Cheesemaking is also a great skill to cultivate if you have a small farm or access to fresh cow, goat, sheep or, if you’re lucky, water buffalo milk. It’s the traditional way to ensure no fresh milk goes to waste, and the whey left over from the cheesemaking process can be used to feed farm animals, water plants, make biscuits and borscht, or even start more cheese.
Asher is a bit of a celebrity in the world of natural cheese, and he lives right in our backyard. When I met him, he was off to the U.S. and then to Australia to spread the radical word of raw-milk cheesemaking, but you may find him setting up another of his travelling cheese schools in the city again soon.

“The methods described herein challenge the beliefs of the conventional cheesemaking paradigm,” Asher writes in his breakthrough book. “I will show you how to take back your cheese.” So much political power in a creamy pot of curd.


• 1 gallon (4 L) milk — and almost any milk will do!
• 1⁄2 cup (120 mL) vinegar (or 1 cup [240 mL] lemon juice, or 1⁄2 gallon [2 L] yogurt or kefir)
• 1 tablespoon (15 mL) salt (optional)

• 2-gallon (8-L) capacity heavy-bottomed pot
• Wooden spoon
• Medium-sized wire strainer
• Steel colander
• Large bowl
• Homemade cheese press—two matching yogurt containers, one with holes punched through from the inside with a skewer

Time Frame: 2 hours
Yield: Makes about 11⁄2 pounds (700 g) cheese

Bring the milk to a boil over medium-high heat. Be sure to stir the pot nonstop as the milk warms to prevent its scorching on the bottom; tthe more time you spend stirring, the less time you’ll spend scouring! As well, stirring promotes presence of mind and keeps you focused on the milk, which may boil over if forgotten.

Let the milk rest by cooling it in its pot for a minute or two. Letting the milk settle will slow its movement and help ensure good curd formation. Pour in the vinegar or lemon juice, and gently stir the pot once or twice to ensure an even mixing of the acid. Do not overstir; the paneer curds are sensitive when they’re fresh and can break apart if overhandled. Watch as the curds separate from the whey. Let the curds settle for 5 minutes. As they cool, the curds will continue to come together. As they become firm, they will be more easily strained from the pot.
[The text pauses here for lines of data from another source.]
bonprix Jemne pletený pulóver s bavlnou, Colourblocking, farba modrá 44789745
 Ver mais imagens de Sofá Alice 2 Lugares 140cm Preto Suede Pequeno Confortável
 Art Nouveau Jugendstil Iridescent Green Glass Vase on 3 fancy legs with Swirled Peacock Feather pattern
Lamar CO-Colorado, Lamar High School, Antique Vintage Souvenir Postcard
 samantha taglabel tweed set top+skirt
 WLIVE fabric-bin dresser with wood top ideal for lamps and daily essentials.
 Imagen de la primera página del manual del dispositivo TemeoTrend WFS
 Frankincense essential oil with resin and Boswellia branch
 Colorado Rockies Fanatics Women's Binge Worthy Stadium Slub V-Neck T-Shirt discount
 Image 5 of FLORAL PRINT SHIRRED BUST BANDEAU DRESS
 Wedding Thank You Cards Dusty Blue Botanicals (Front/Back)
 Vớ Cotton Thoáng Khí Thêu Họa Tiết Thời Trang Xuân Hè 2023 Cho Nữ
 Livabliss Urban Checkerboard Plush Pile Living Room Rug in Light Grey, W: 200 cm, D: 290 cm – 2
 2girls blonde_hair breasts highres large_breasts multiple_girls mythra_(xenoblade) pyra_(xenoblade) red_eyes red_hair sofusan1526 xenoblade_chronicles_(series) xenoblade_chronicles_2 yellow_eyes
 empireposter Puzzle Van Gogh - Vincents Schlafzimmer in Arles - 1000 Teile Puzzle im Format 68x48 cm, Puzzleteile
Carefully strain the curds: With a wire-mesh strainer, scoop out the curds from the pot, and place them to drain in a colander resting atop a bowl that will catch the warm whey. Pouring the whole pot through the colander is not recommended, as the violent mixing that results can make it difficult for the cheese to drain. Add spices or salt (optional). If you wish to flavour your paneer or queso fresco, consider adding various herbs or spices to the curds before they are pressed. Now is also the best time to add salt.

Press the curds (optional): Transfer the paneer curds from the colander into a form while they are still warm, and place the cheese-filled form atop a draining rack. Fill up the follower with hot whey, and place atop the form to press the curds firm. The paneer is ready as soon as the curd has cooled. It can be taken out of the form and used right away, or refrigerated in a covered container for up to 1 week. Paneer, unlike other cheeses, can also be frozen.